Write out exactly the lines from the one that contains "Kuhn Silokatze - Oprema za silose: slika 5 Kuhn" down to the last line of the material below, keeping both ends and omitting pictures.

### Source information:

···

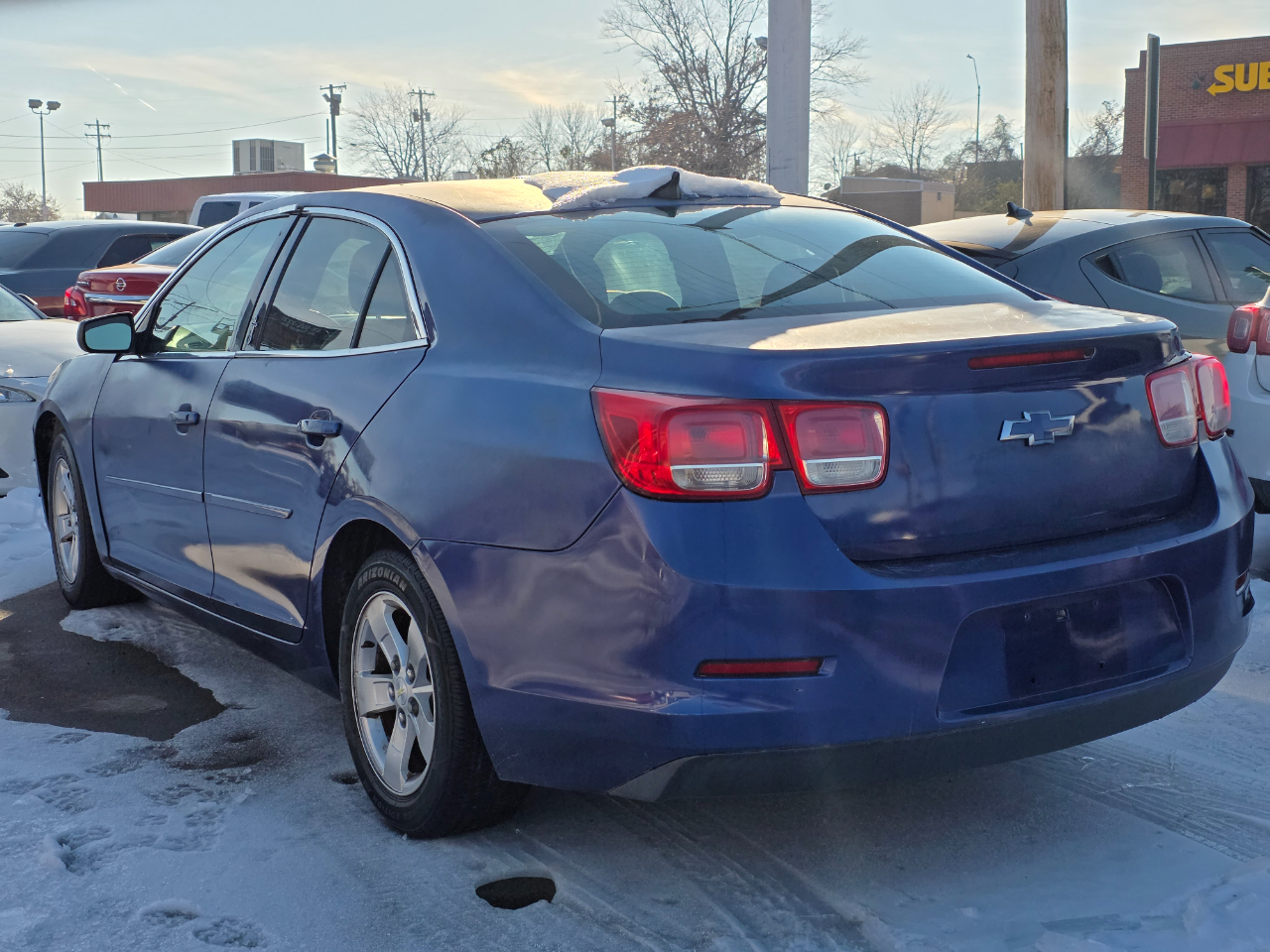 Chevrolet Malibu LS 2015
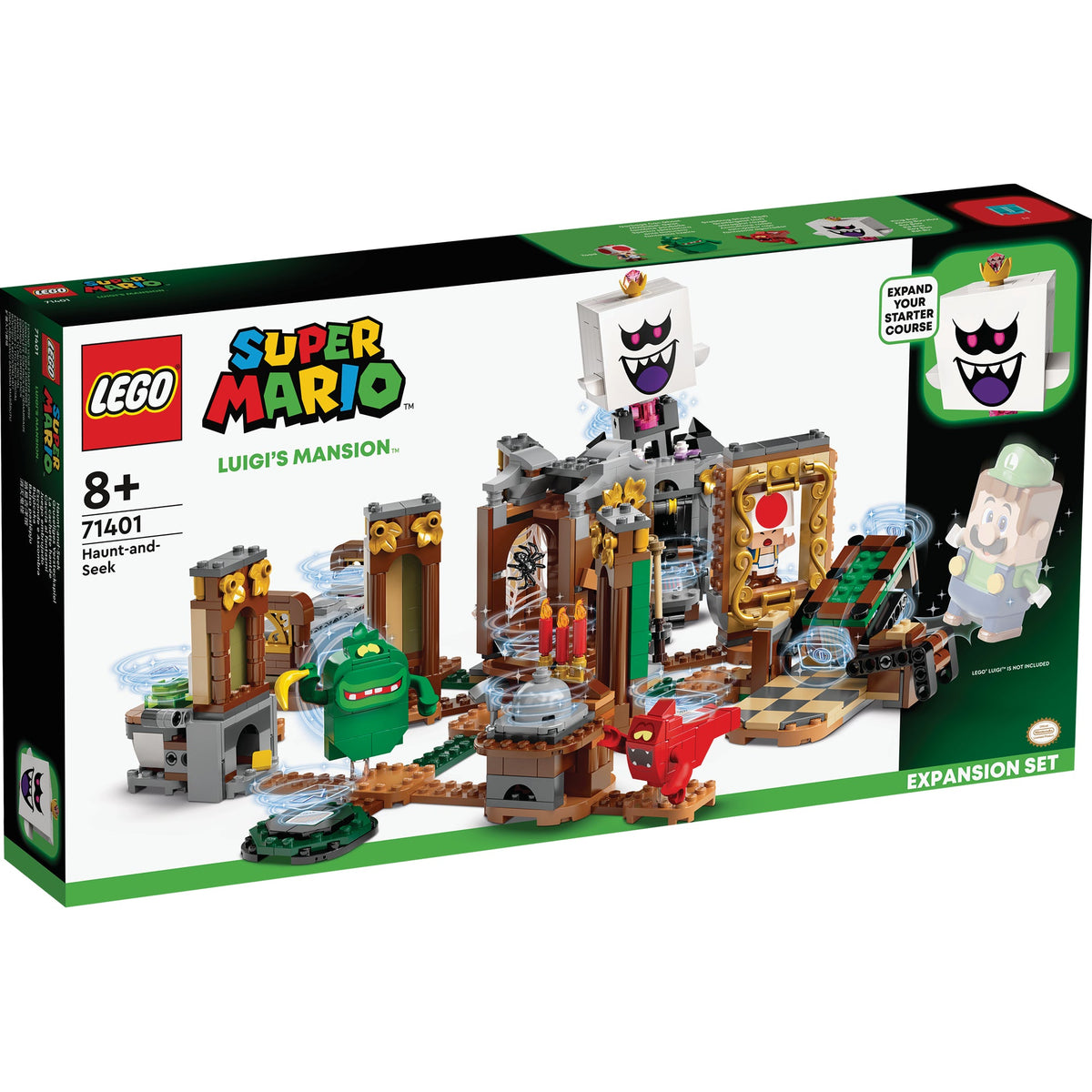 LEGO® Super Mario™ Luigi’s Mansion™ Haunt-and-Seek Expansio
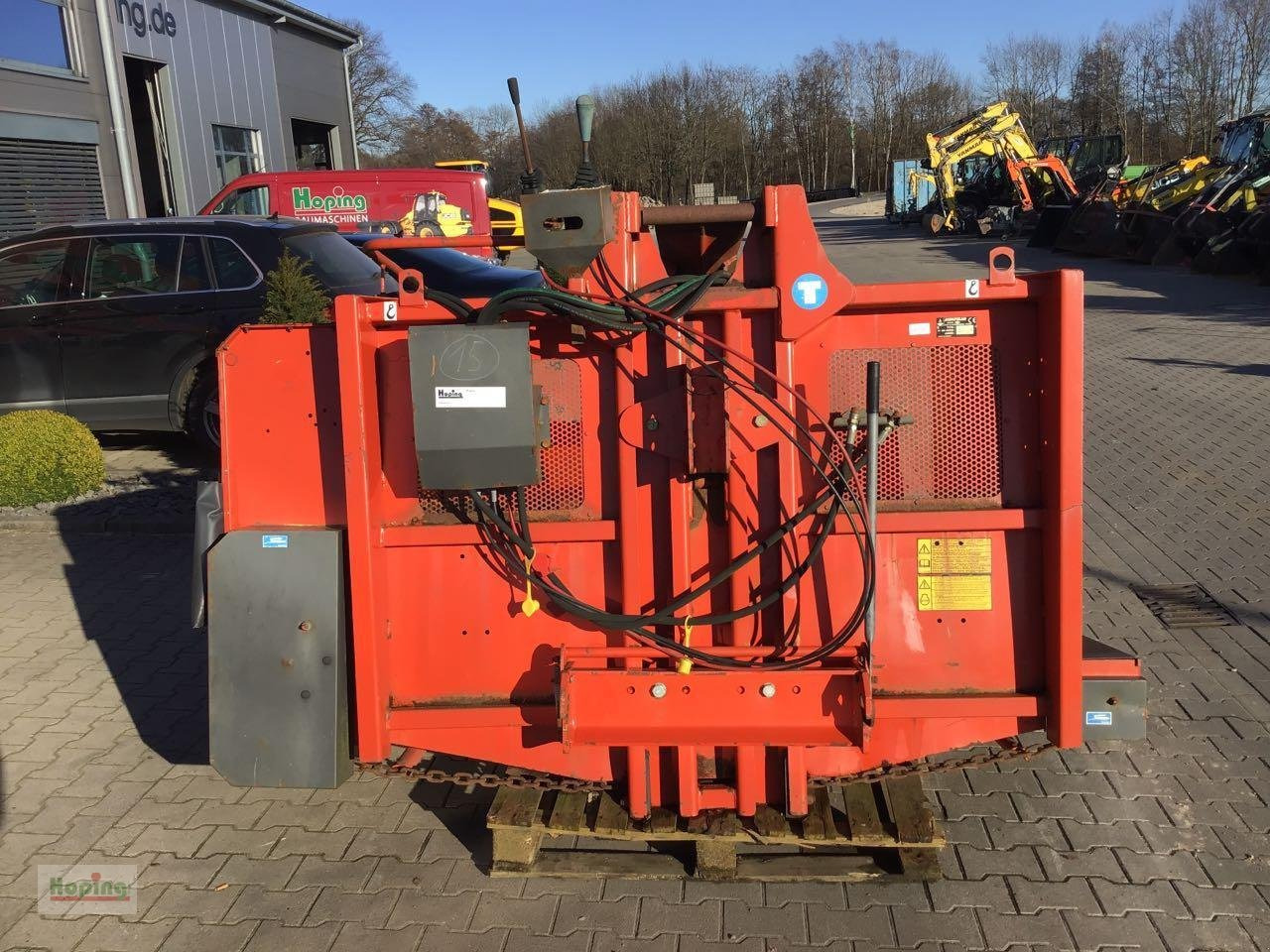 Kuhn Silokatze - Oprema za silose: slika 5 Kuhn Silokatze - Oprema za silose: slika 5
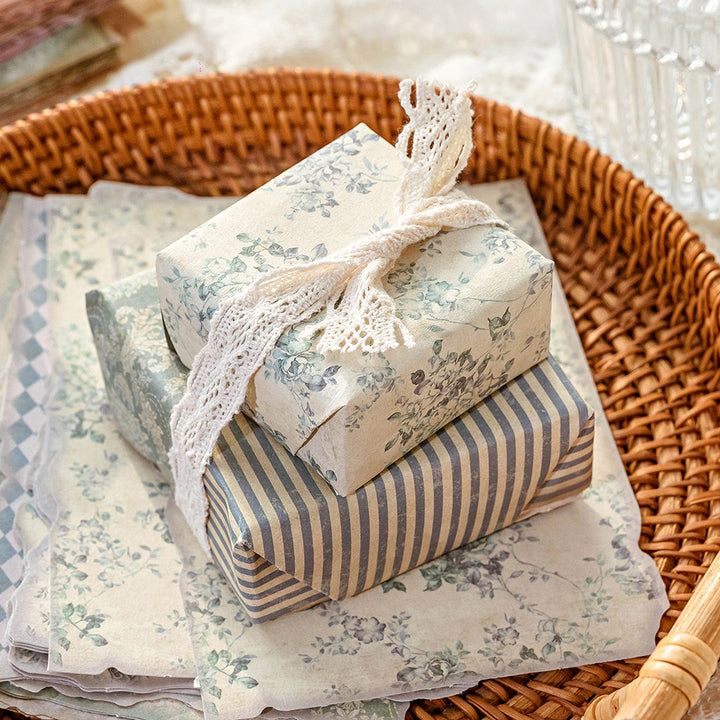 vintage-scrapbook-paper-for-gift-wrapping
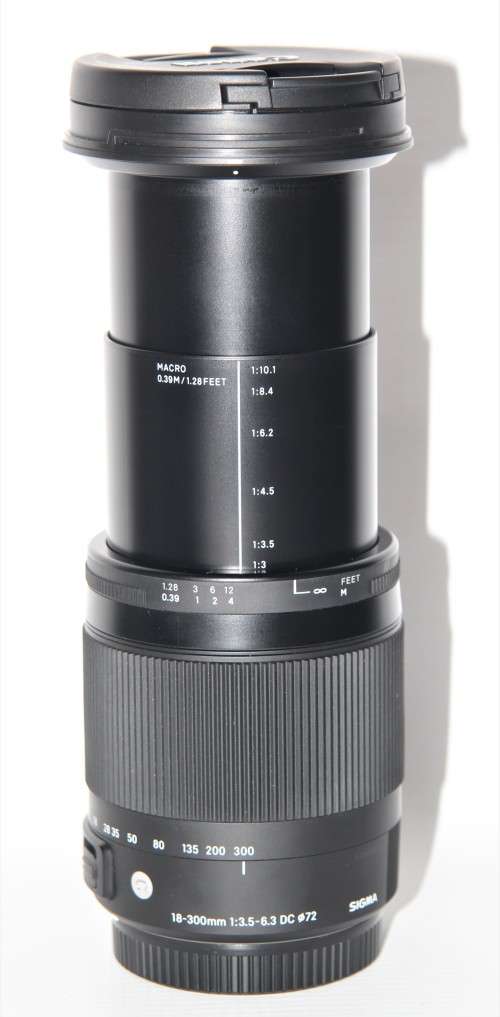 Sigma 18-300mm f/3.5-6.3 DC Macro OS HSM Contemporary Lens for Canon EF IN NEW CONDITION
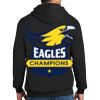 Ultimate Cotton ® Full Zip Hooded Sweatshirt Thumbnail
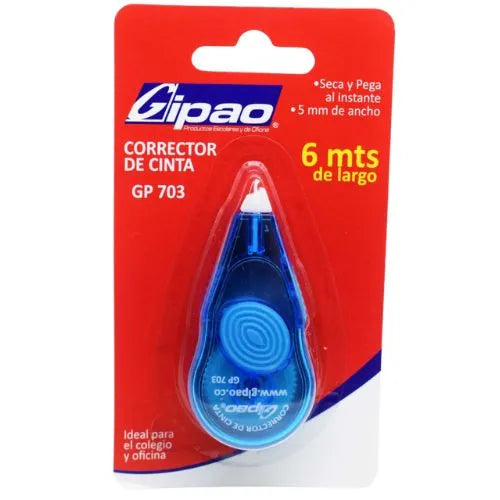 Corrector en Cinta Gipao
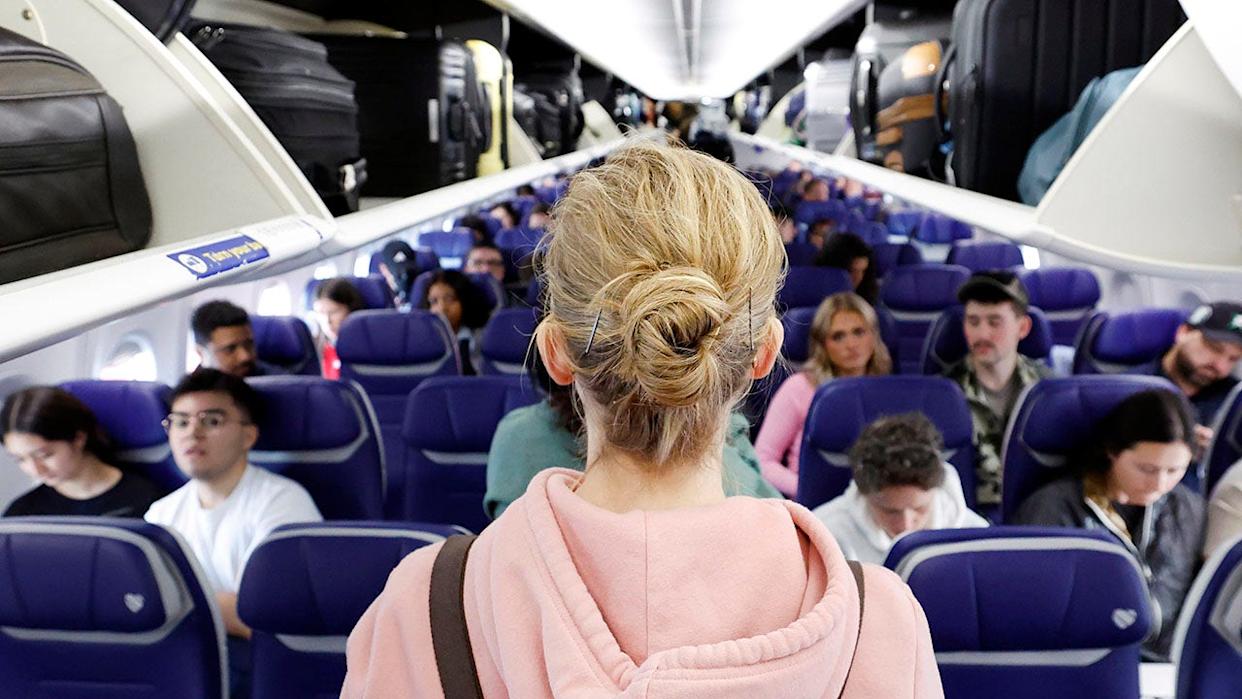 Southwest Airlines under fire for customer of size policy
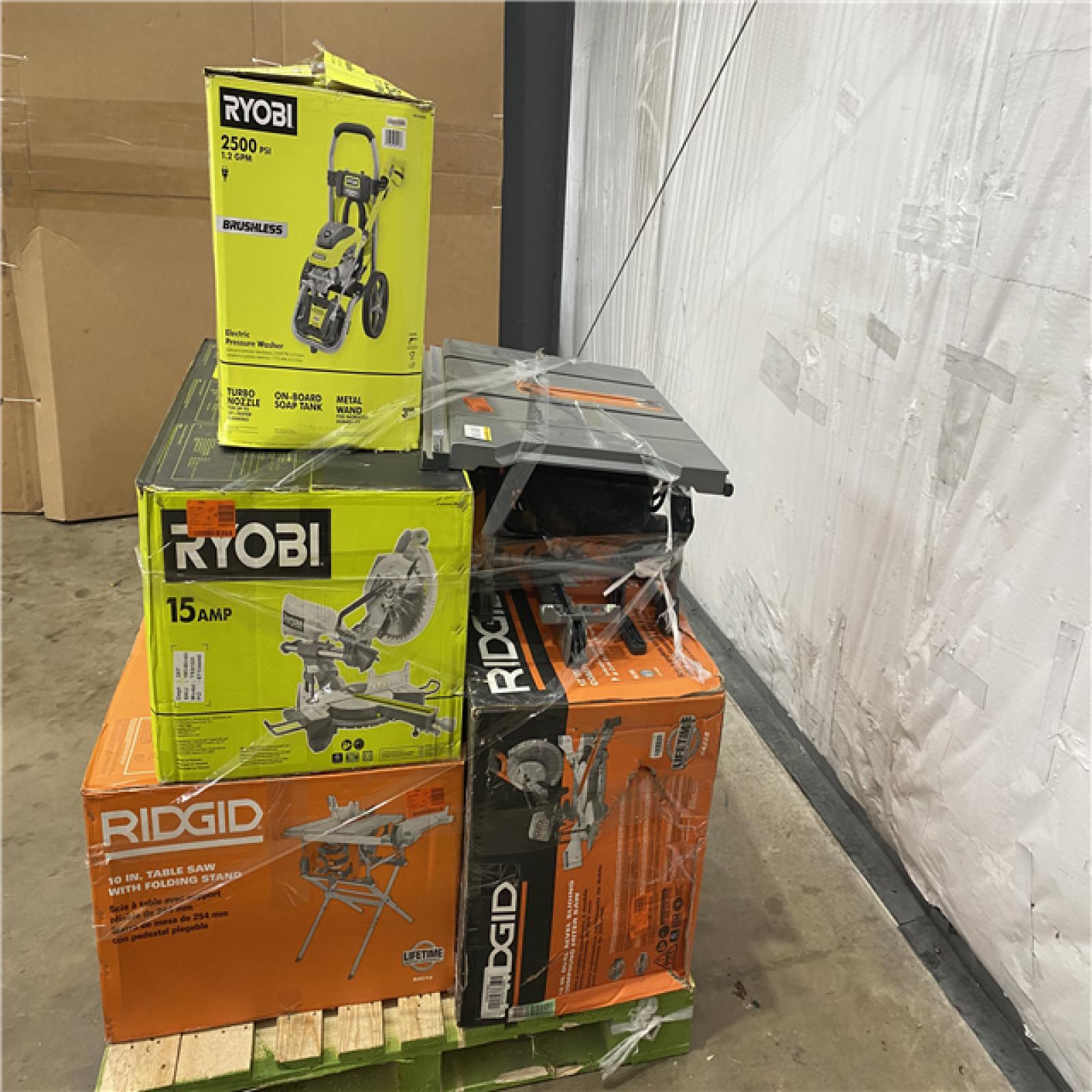 Houston Location AS IS - Tool Pallet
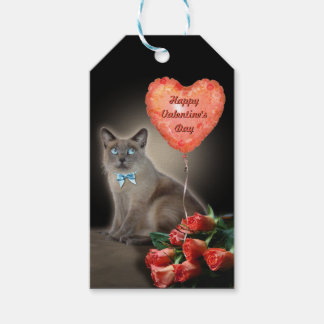 Cat Valentine (customisable) Gift Tags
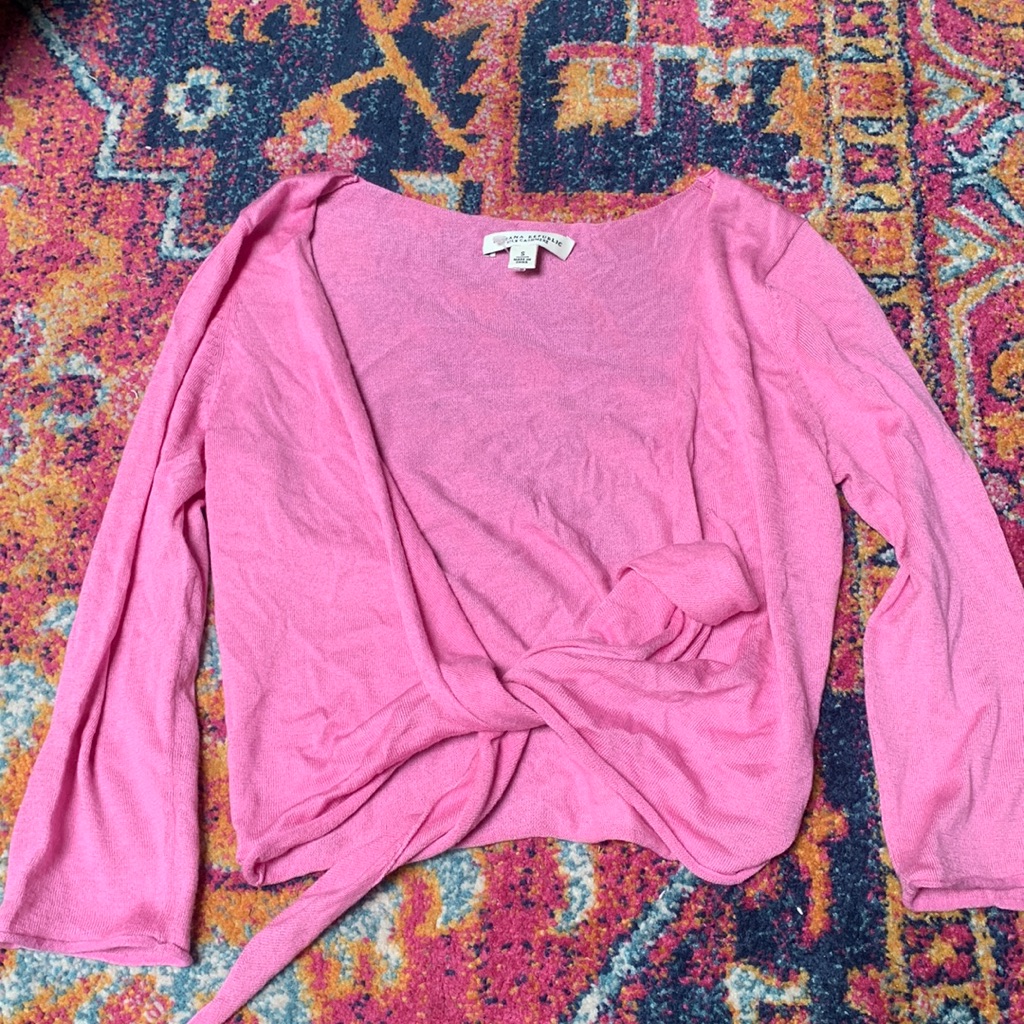 Vintage Banana Republic Silk Cashmere Shrug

···

### Response area:
 Kuhn Silokatze - Oprema za silose: slika 5 Kuhn Silokatze - Oprema za silose: slika 5
 vintage-scrapbook-paper-for-gift-wrapping
 Sigma 18-300mm f/3.5-6.3 DC Macro OS HSM Contemporary Lens for Canon EF IN NEW CONDITION
 Ultimate Cotton ® Full Zip Hooded Sweatshirt Thumbnail
 Corrector en Cinta Gipao
 Southwest Airlines under fire for customer of size policy
 Houston Location AS IS - Tool Pallet
 Cat Valentine (customisable) Gift Tags
 Vintage Banana Republic Silk Cashmere Shrug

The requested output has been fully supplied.